**RECORDS:**
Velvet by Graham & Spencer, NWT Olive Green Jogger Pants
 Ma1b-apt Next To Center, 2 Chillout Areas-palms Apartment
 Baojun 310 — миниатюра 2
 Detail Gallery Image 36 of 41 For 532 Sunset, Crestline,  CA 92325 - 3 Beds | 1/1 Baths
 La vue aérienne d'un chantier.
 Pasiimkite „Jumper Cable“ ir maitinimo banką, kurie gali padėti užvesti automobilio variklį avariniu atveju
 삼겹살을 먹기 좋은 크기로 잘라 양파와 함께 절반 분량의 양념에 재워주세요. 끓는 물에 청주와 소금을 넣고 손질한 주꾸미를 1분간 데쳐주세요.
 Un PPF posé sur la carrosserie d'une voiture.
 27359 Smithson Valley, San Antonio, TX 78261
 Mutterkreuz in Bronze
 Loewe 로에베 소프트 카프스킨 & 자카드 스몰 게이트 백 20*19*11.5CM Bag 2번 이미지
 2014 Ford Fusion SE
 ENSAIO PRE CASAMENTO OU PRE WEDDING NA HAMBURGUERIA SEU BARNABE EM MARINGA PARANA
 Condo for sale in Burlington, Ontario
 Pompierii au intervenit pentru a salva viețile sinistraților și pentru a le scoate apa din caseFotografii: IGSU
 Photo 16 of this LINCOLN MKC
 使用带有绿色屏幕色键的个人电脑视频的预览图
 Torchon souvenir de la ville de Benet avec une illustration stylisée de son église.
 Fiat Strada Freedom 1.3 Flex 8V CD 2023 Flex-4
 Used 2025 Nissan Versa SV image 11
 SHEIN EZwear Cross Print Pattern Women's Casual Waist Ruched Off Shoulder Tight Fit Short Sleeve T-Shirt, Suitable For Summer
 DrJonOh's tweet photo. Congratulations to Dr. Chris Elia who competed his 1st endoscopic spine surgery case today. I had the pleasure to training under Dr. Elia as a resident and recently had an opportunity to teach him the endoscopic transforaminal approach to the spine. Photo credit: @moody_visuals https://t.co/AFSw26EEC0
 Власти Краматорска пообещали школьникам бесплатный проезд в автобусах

**ASSIGNED TASK:** Beginning with the line above that contains "Mutterkreuz in Bronze", copy each line exactly up to and including the line that contains "Fiat Strada Freedom", and go no further.

**EXERCISE ANSWER:**
 Mutterkreuz in Bronze
 Loewe 로에베 소프트 카프스킨 & 자카드 스몰 게이트 백 20*19*11.5CM Bag 2번 이미지
 2014 Ford Fusion SE
 ENSAIO PRE CASAMENTO OU PRE WEDDING NA HAMBURGUERIA SEU BARNABE EM MARINGA PARANA
 Condo for sale in Burlington, Ontario
 Pompierii au intervenit pentru a salva viețile sinistraților și pentru a le scoate apa din caseFotografii: IGSU
 Photo 16 of this LINCOLN MKC
 使用带有绿色屏幕色键的个人电脑视频的预览图
 Torchon souvenir de la ville de Benet avec une illustration stylisée de son église.
 Fiat Strada Freedom 1.3 Flex 8V CD 2023 Flex-4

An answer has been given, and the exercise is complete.